The company calls it the “Great Cruise Comeback.” Following the pandemic pause and the gradual return of sailing, it’s safe to say that cruising has fully returned. In fact, it’s set to be back more than 100%… literally.
Norwegian Cruise Line Holdings Ltd. (NCLH) — the parent company behind NCL, Oceania, and Regent Seven Seas Cruises — is one of the three major cruise companies that trades publicly. And as a public company, it reports results each quarter to investors.
Since the company returned to sailing following the cruise pause, it has gradually returned to having more and more people on its ships. For instance, over all of 2022, NCLH saw a total occupancy of 72.8%. But that has continually increased. In just the last three months of 2022, occupancy was at 86.6%.
So the ships continued to see more passengers, but still didn’t sail completely full. Now the company is anticipating occupancy percentage to hit 100%… and even more.
In forward guidance that Norwegian released, it now says it expects to average 100% occupancy in the first quarter of 2023. And for the year overall, it expects occupancy of 103.5%.
How a 100%+ Occupancy Rate Is Possible
So how can a ship sail at more than 100% occupancy? The measure is defined as “the ratio of passenger cruise days to capacity days.”
Put simply, for each cabin on a ship there are expected to be two passengers for 100% occupancy.

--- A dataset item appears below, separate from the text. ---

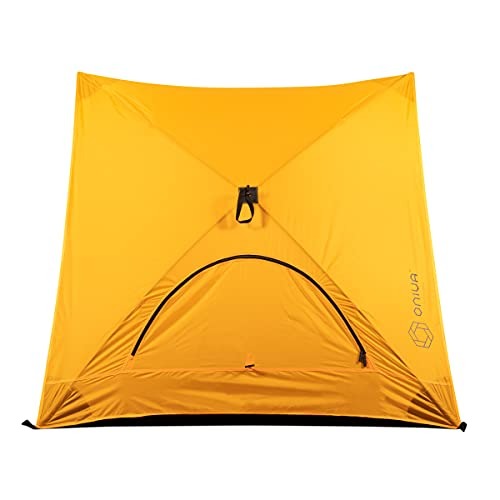 ONIVA - a Picnic Time brand A-Shade Beach Tent - Pop Up Tent - Beach Shade, (Light Orange)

So if a ship has 2,000 cabins and sails with 4,000 passengers, then it reached the 100% metric.
Add in more people into a cabin and the occupancy level can go even higher. For instance, when two parents and two kids sail in a cabin, then it bumps up the occupancy level. An expected rate of 103.5% for the coming year means NCLH expects each cabin occupied by two people on average, with a few sailing with more than two passengers.
Still Room for More Passengers
What might surprise you is that an occupancy of 100% — or even 103.5% — is still considered below normal.

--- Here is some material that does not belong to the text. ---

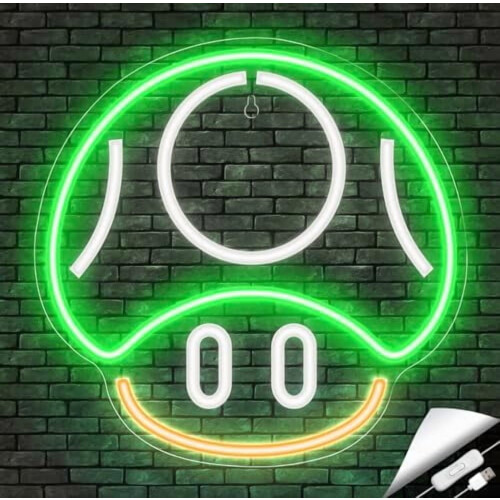 Gaming Neonskilt Sopp LED-dekor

In 2019, the last full year of sailing before the pause, NCLH saw an overall occupancy of 107.3%!
But it shouldn’t be long before cruises do reach that level again. In fact, while the company says that occupancy is expected to be 100% in the first quarter of 2023, it also disclosed it “is on track to reach historical levels for the second quarter.”
That boost in occupancy should also return NCLH to profitability soon. The company now expects to earn approximately $0.70 per share in 2023, compared to its loss of $5.41 per share last year.
So if you had been spoiled by having a little more elbow room since cruising resumed, you can plan on full ships going forward.